- **PROBLEM**
Lines before the one containing "リバーサイドハイツB(2DK/2階)の間取り写真" are not copied; that line and every one after it, through the end of the material below, are printed exactly, without pictures.
##### RECORDED INFORMATION
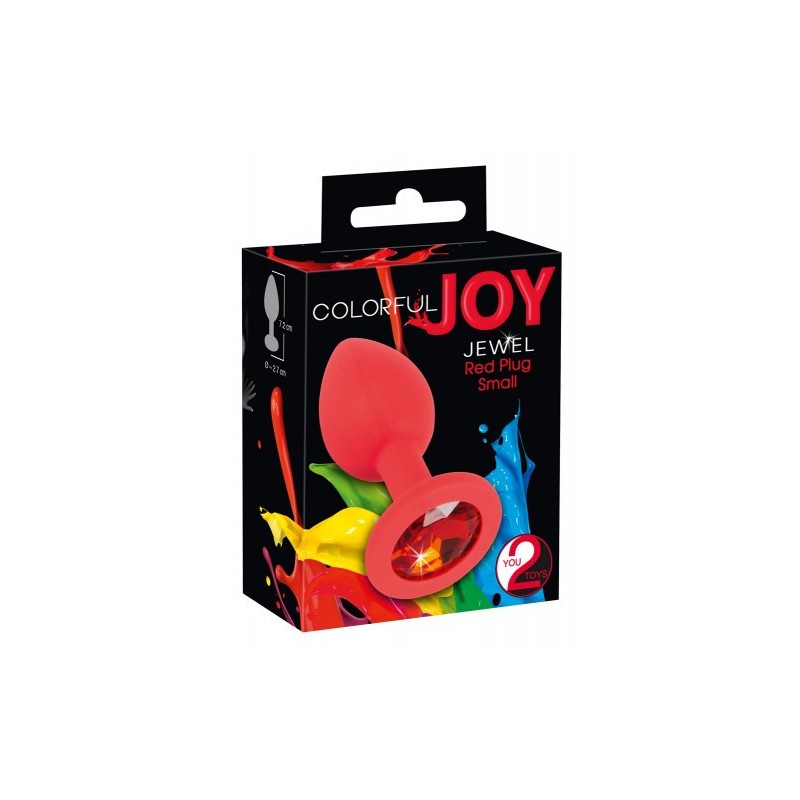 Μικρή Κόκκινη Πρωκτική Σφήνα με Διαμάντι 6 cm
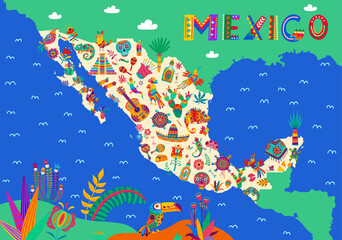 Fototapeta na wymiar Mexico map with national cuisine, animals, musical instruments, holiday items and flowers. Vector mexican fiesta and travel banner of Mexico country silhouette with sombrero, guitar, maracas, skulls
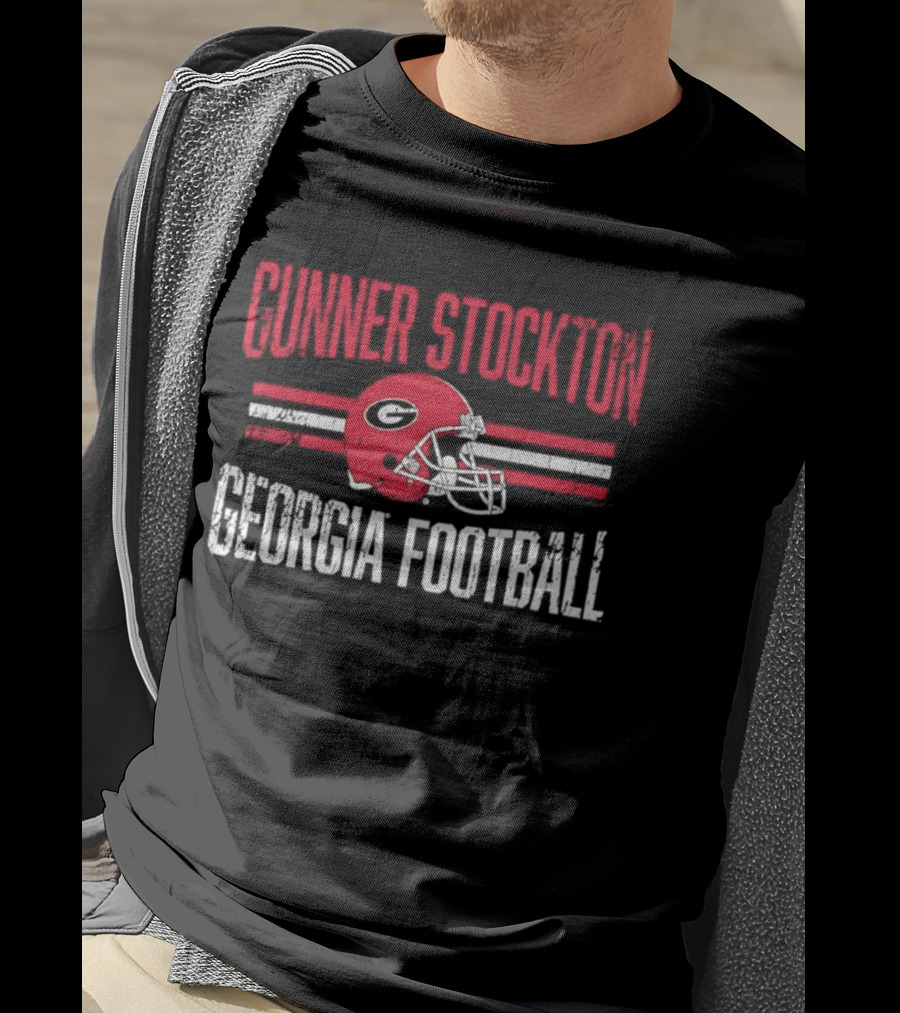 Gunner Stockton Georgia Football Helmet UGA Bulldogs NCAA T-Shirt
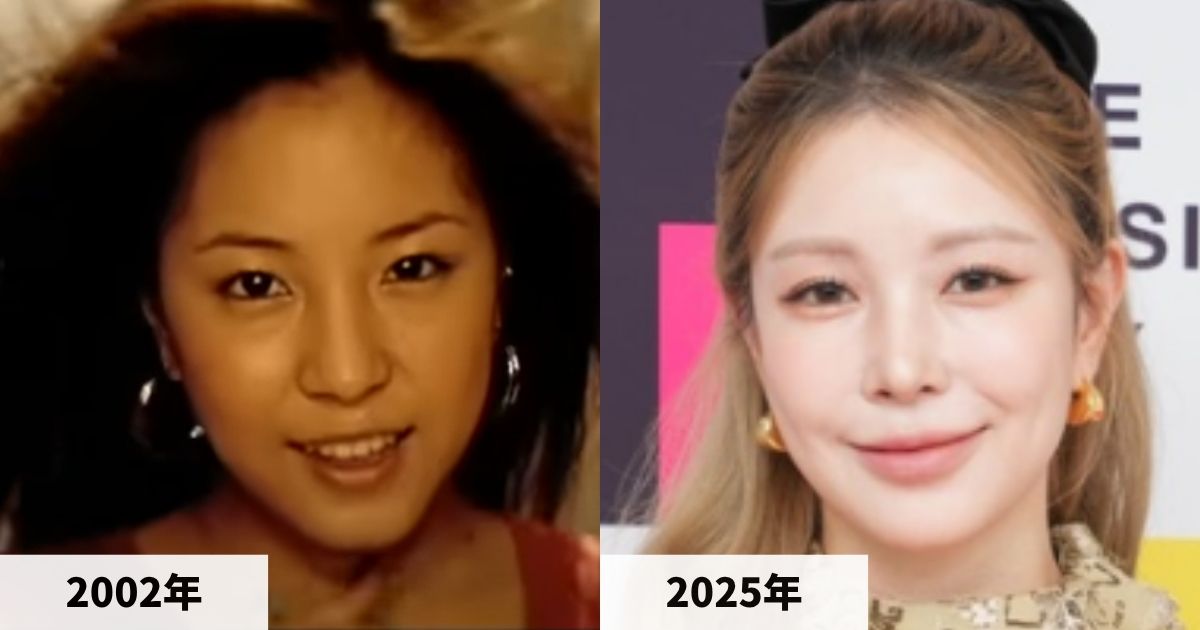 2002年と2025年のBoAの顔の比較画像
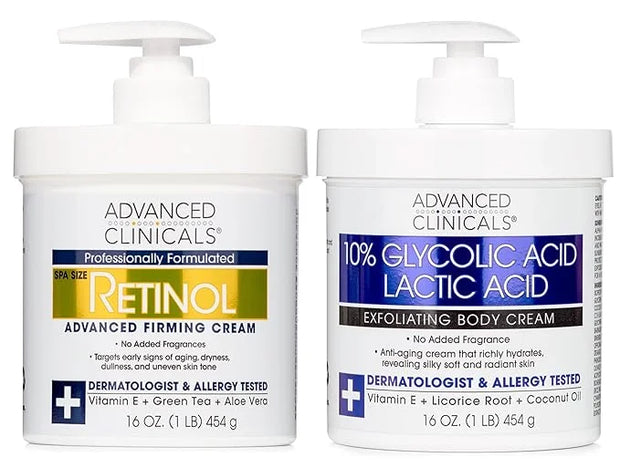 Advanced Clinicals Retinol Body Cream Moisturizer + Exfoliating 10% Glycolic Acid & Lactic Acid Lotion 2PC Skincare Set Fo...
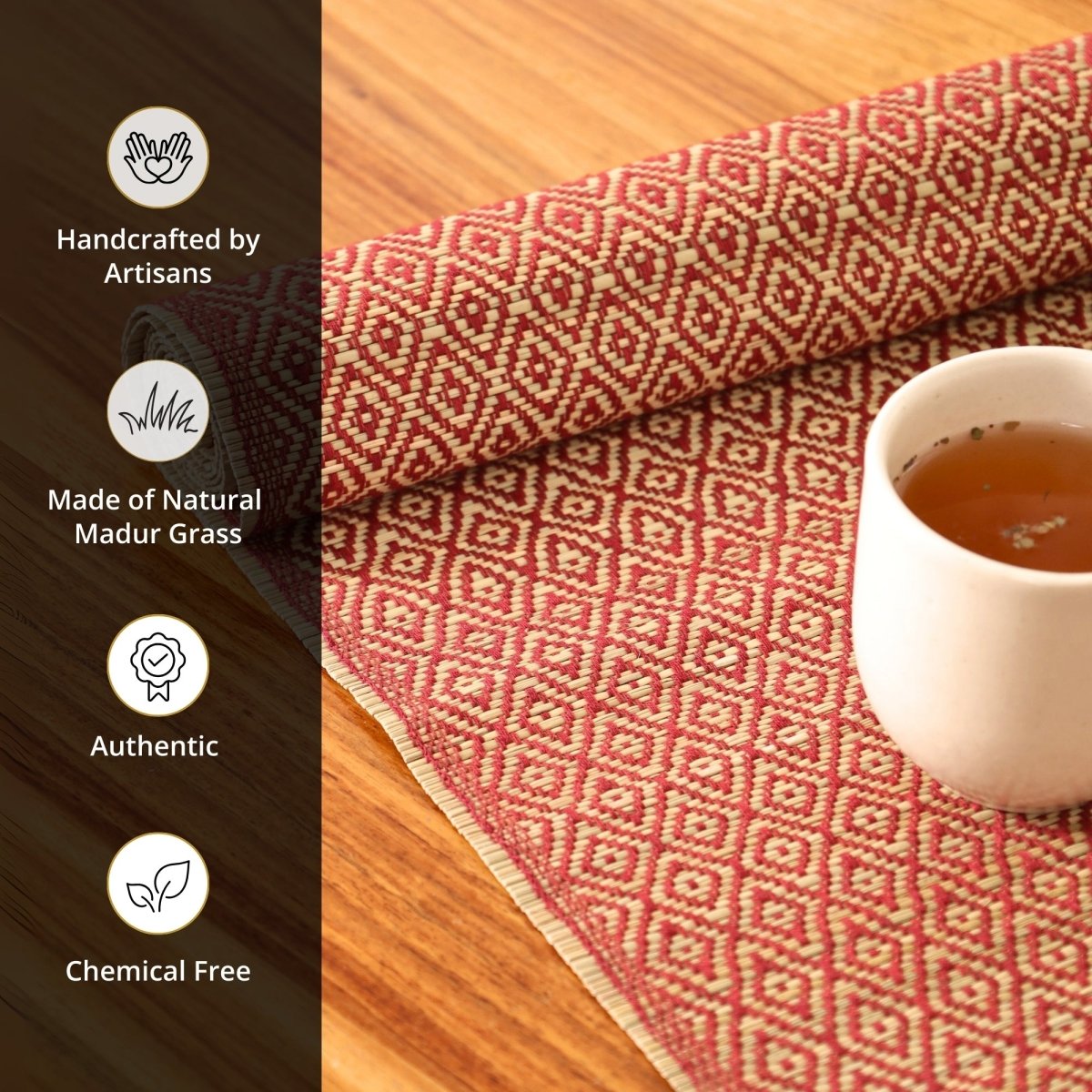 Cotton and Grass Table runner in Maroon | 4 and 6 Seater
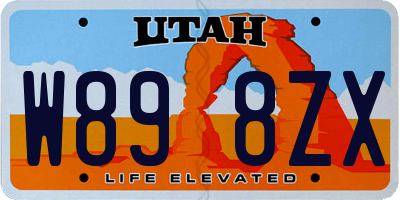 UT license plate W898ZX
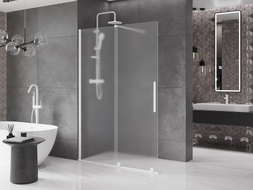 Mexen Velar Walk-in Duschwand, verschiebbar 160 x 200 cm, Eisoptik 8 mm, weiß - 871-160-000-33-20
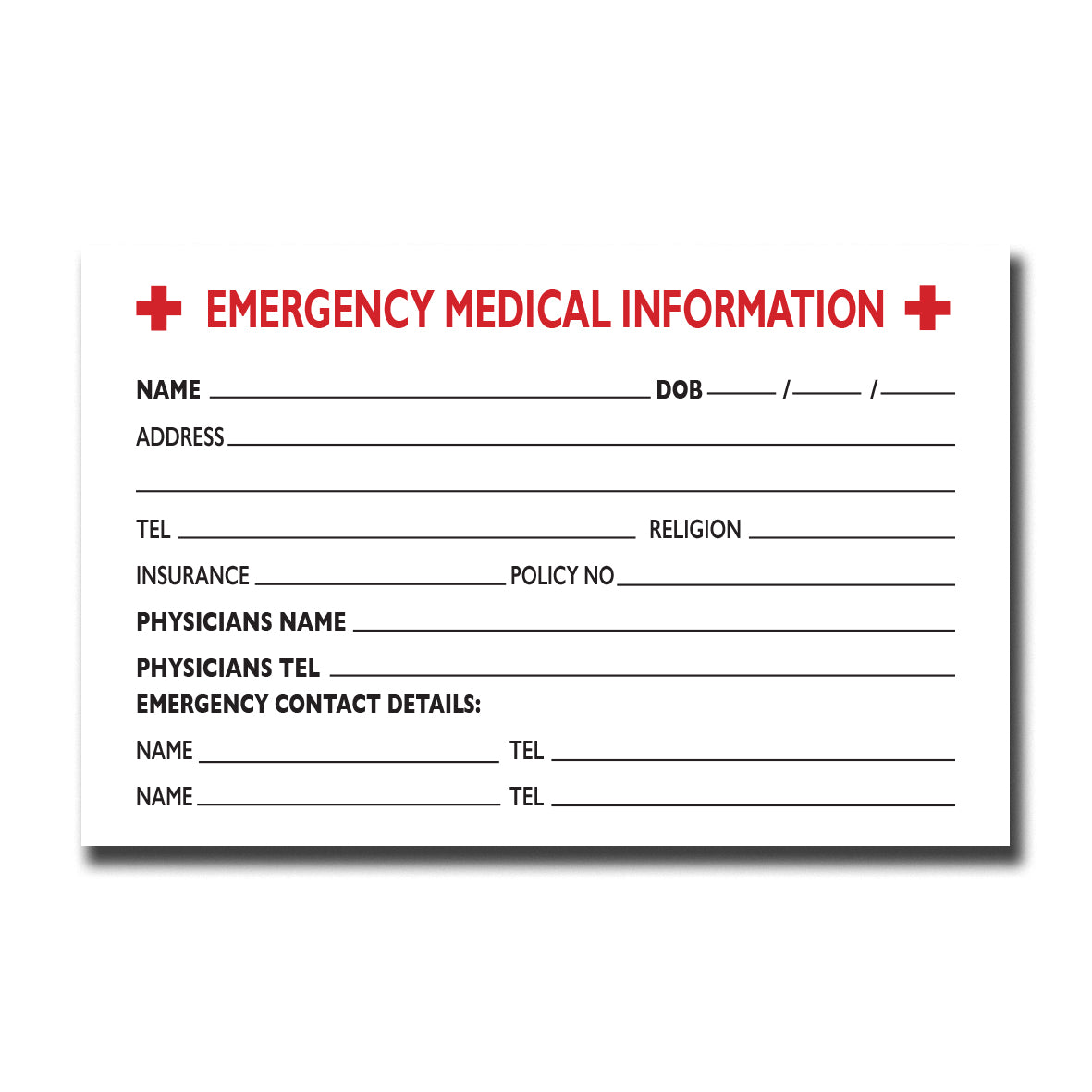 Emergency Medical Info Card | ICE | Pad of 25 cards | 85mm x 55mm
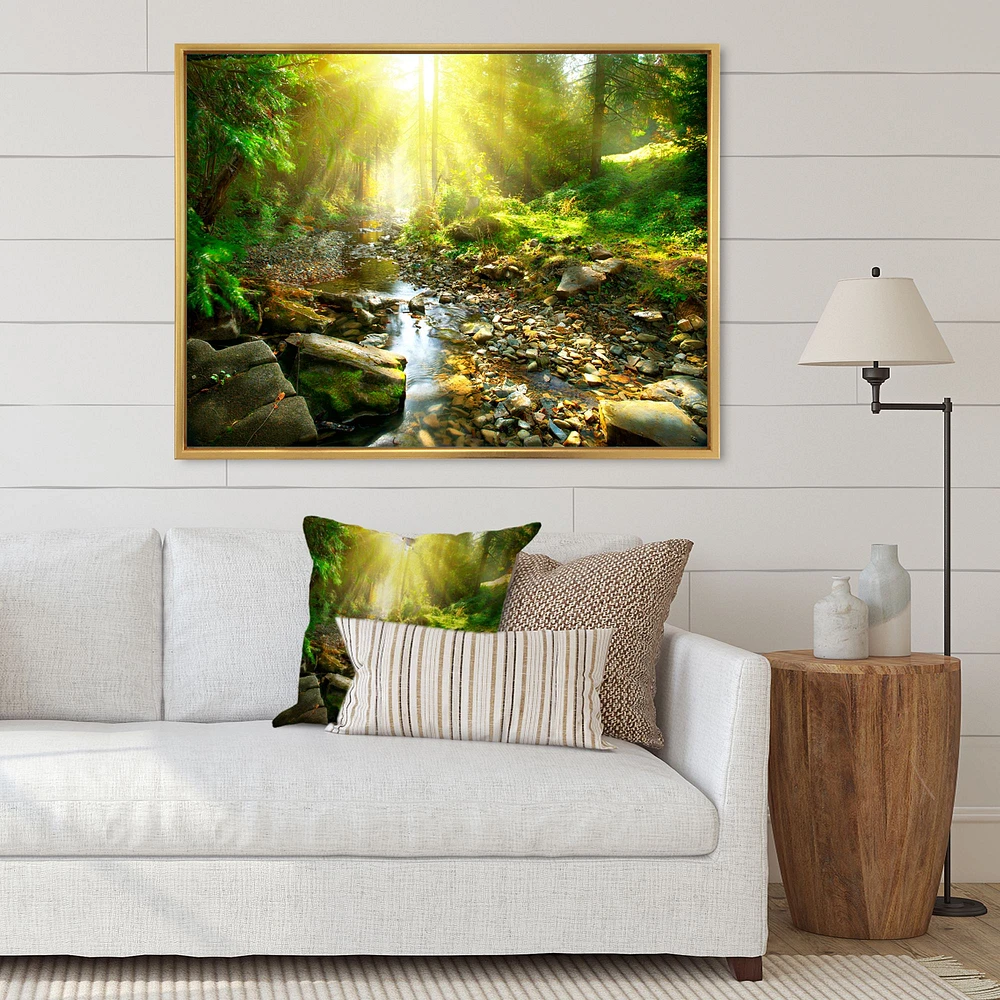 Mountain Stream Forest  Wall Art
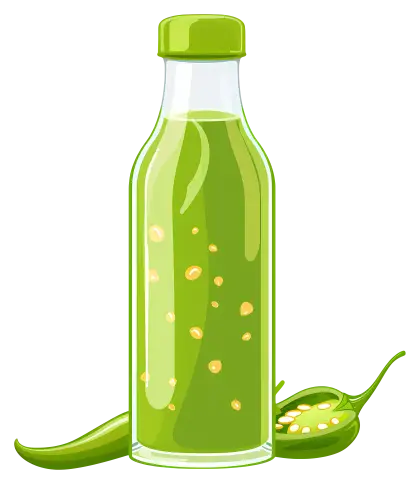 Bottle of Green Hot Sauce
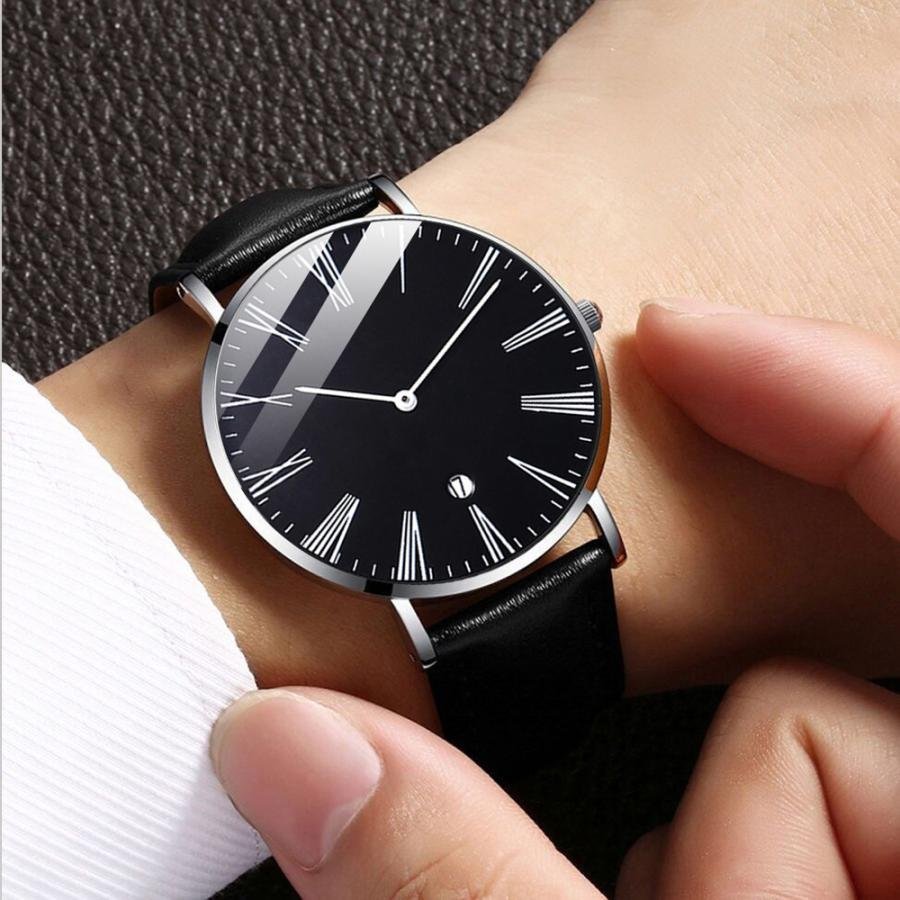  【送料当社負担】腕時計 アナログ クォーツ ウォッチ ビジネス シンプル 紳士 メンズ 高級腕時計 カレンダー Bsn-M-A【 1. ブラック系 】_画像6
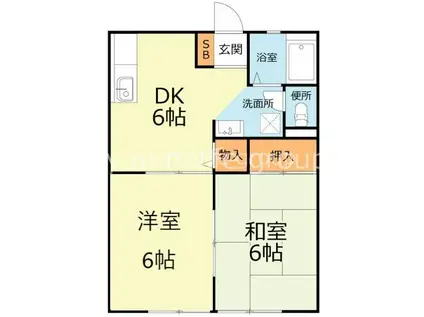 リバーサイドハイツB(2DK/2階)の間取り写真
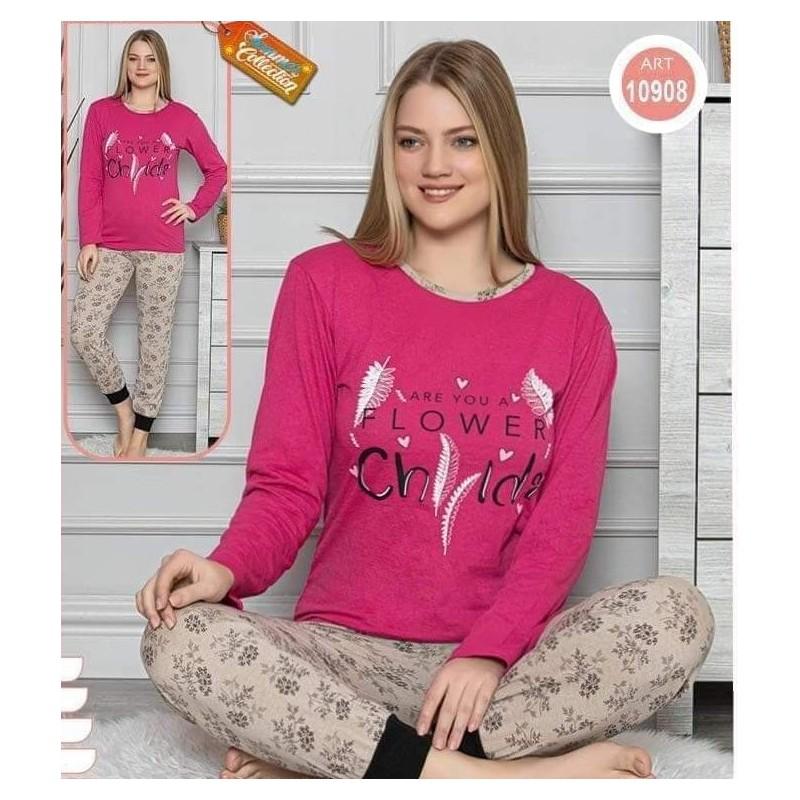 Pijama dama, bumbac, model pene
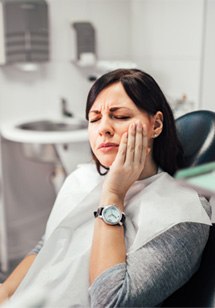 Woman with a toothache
##########
- **FINAL ANSWER**
 リバーサイドハイツB(2DK/2階)の間取り写真
 Pijama dama, bumbac, model pene
 Woman with a toothache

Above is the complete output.